**Task instructions**: In the entries below, begin at the line with "Fashion Genuine Leather" and stop after the line with "Legbordstelling Light Duty"; output those lines exactly and omit the pictures.

**Material to process**:
++++++++
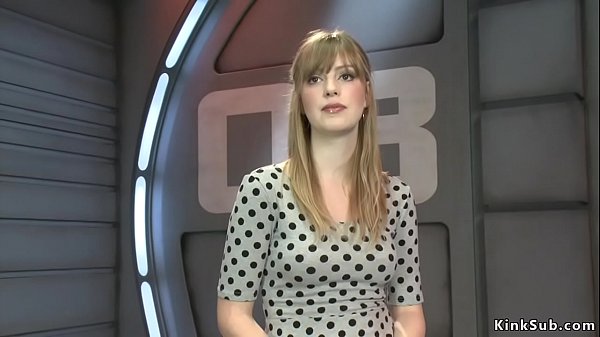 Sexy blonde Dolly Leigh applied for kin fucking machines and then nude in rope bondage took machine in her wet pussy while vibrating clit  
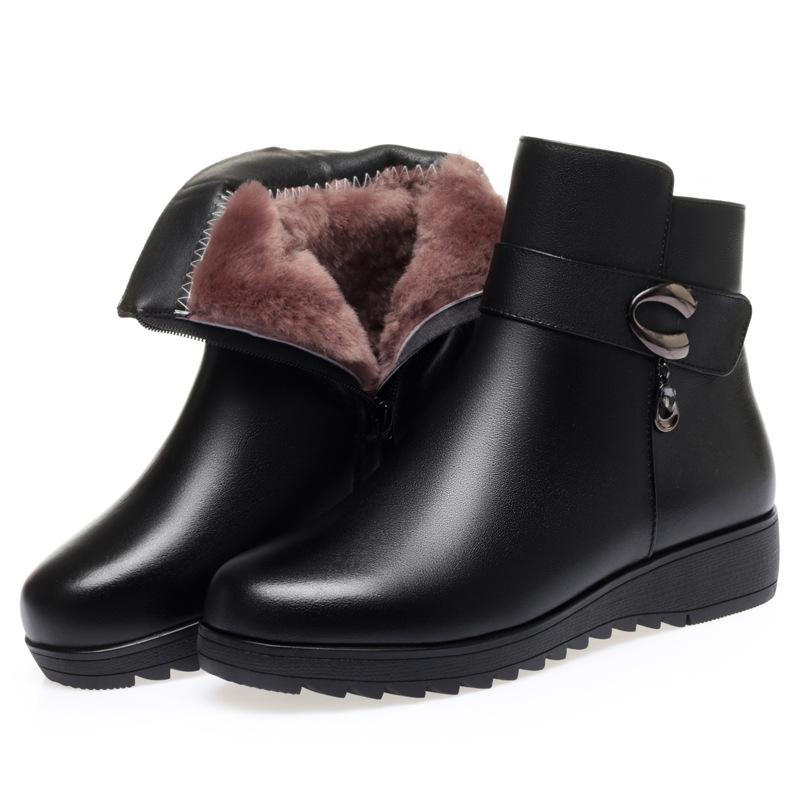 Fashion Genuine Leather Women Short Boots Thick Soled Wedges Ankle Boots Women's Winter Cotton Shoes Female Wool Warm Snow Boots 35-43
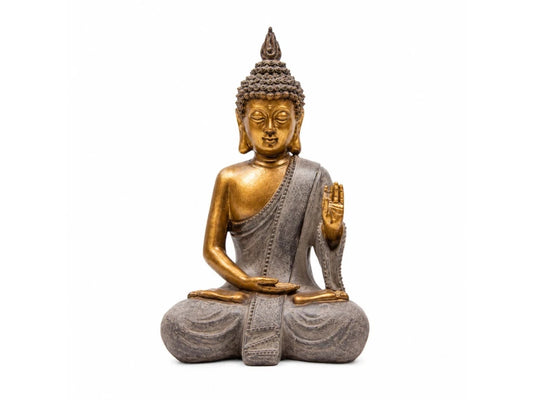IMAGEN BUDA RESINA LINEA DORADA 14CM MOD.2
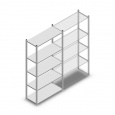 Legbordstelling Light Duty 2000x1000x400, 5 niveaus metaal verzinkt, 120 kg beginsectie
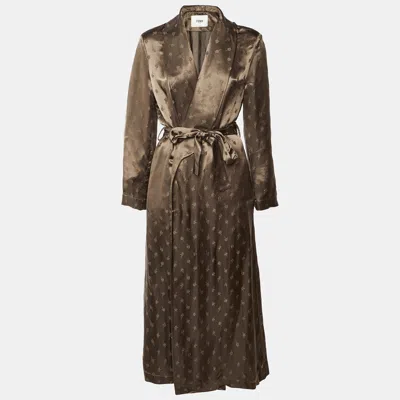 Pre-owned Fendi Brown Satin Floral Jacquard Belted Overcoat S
++++++++
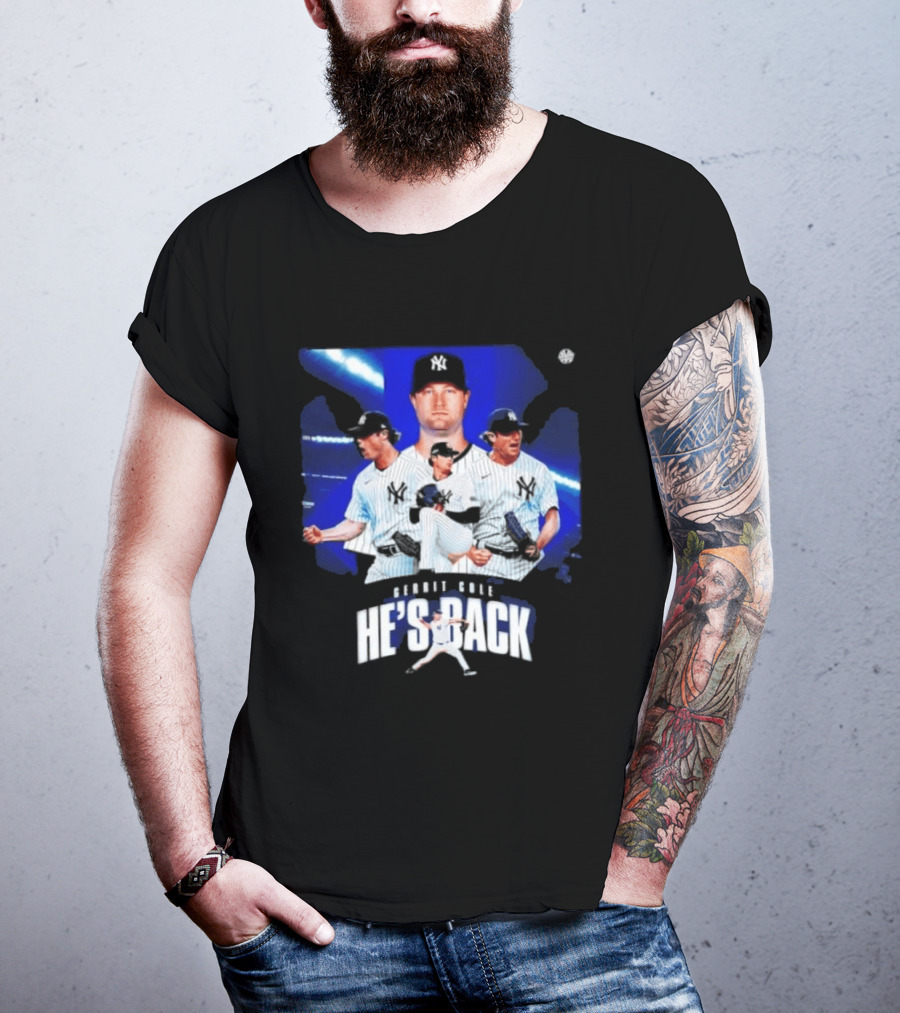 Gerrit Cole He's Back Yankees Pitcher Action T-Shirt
++++++++
**Result**:
 Fashion Genuine Leather Women Short Boots Thick Soled Wedges Ankle Boots Women's Winter Cotton Shoes Female Wool Warm Snow Boots 35-43
IMAGEN BUDA RESINA LINEA DORADA 14CM MOD.2
 Legbordstelling Light Duty 2000x1000x400, 5 niveaus metaal verzinkt, 120 kg beginsectie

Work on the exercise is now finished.